I hope this email finds you well.
We all have come across this frustrating opening salvo at one time or another from some unknown person, touting a product or service that is of very little or no interest.
The good news is that email marketing campaigns have evolved. Technology and social media are enabling email marketers to deliver relevant content to intended recipients. The bad news, however, is that we are finding more emails in our inboxes.
And it’s only getting worse. According to Statista, the number of daily worldwide emails is estimated to increase to 319 billion next year, a 20 percent jump from the 269 billion sent in 2017.
When it comes to email marketing, our basic advice to clients, whether publicly traded or privately owned companies, is focused on content and consistency. Communications should be engaging and “on brand,” with a specific call-to-action, including click-backs to a website or online platform. Frequency also is important, keeping regular communications at a minimum, not overdoing it.
But myriad emails continue to arrive in our inboxes, creating a conundrum for many on whether to hit save or delete. Management experts and even psychologists advocate for zero tolerance on unopened emails. The theory is that a positive psychological effect occurs when completing the task of clearing an inbox, thereby making a person more productive, or at least feel that way.
Full disclosure: I currently have 2,782 unopened emails. That number pales in comparison to others, who have boasted amounts in the tens of thousands, even surpassing 100,000. For the record, I have seen all of my unopened emails. For us in the communications biz, think of it in terms of impressions. I’m constantly looking at emails to determine what needs to be opened immediately or saved for later. I do, however, delete “junk” most of the time.

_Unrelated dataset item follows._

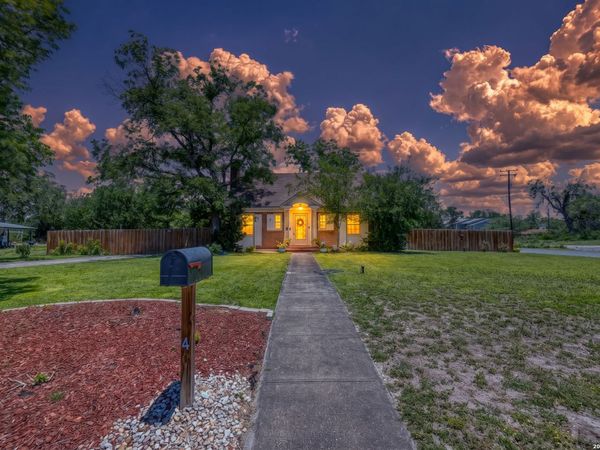 440 S GETTY, Uvalde, TX 78801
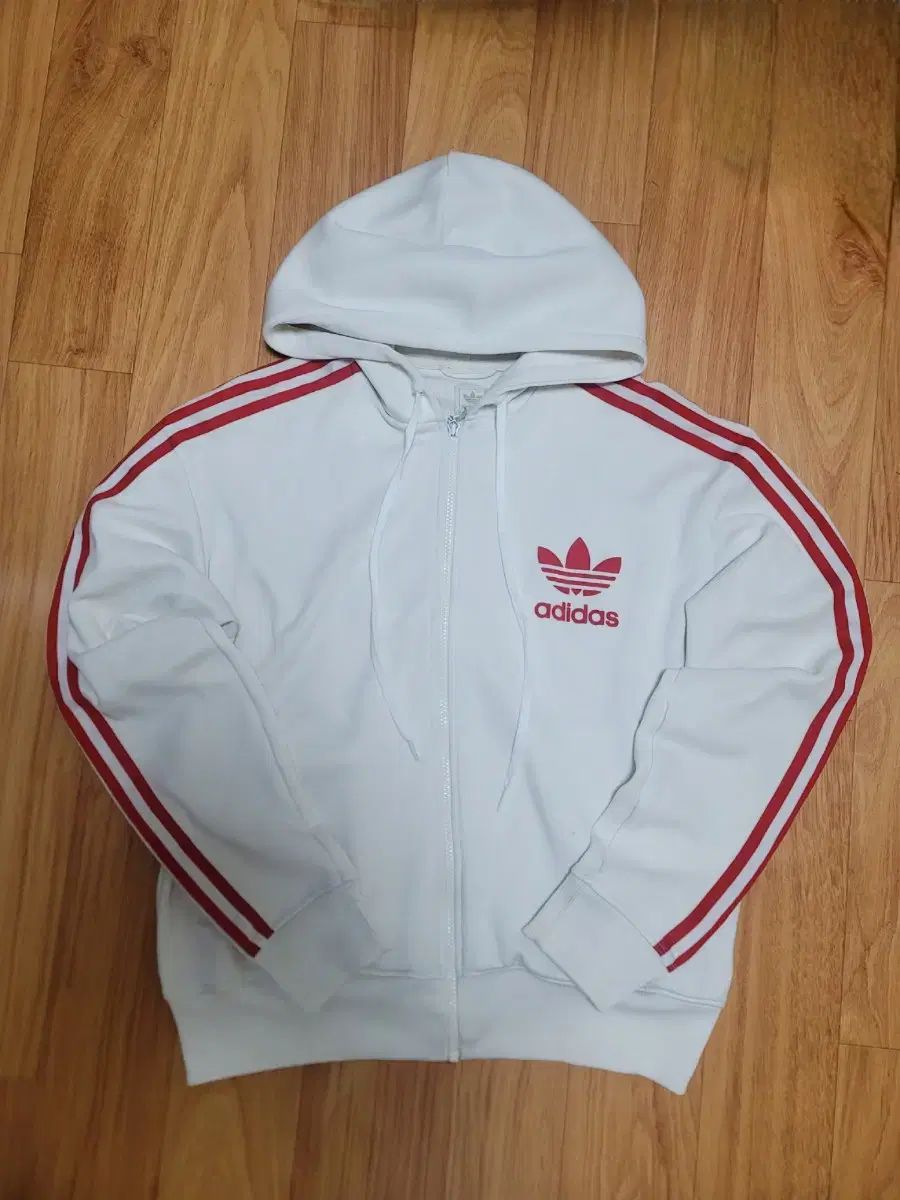 adidas アディダス 白い歯 対空砲火 フード ジャージ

I like to think of myself as super organized and very responsive, so cleaning my email inbox won’t necessarily make me more productive. Rather, I am relieved that perhaps one day I will need that email I saw months ago. It sounds silly, but my email inbox serves as a database, enabling me to search for past client-related communications, news stories, relevant research, conference opportunities, among many other topics.
There’s no one-size-fits-all approach when it comes to managing email inboxes. What’s important is that it works for the individual and does not jeopardize productivity, which is essential for managing today’s increasingly complex, multi-faceted, work-life business environment.
I hope this blogpost finds you well.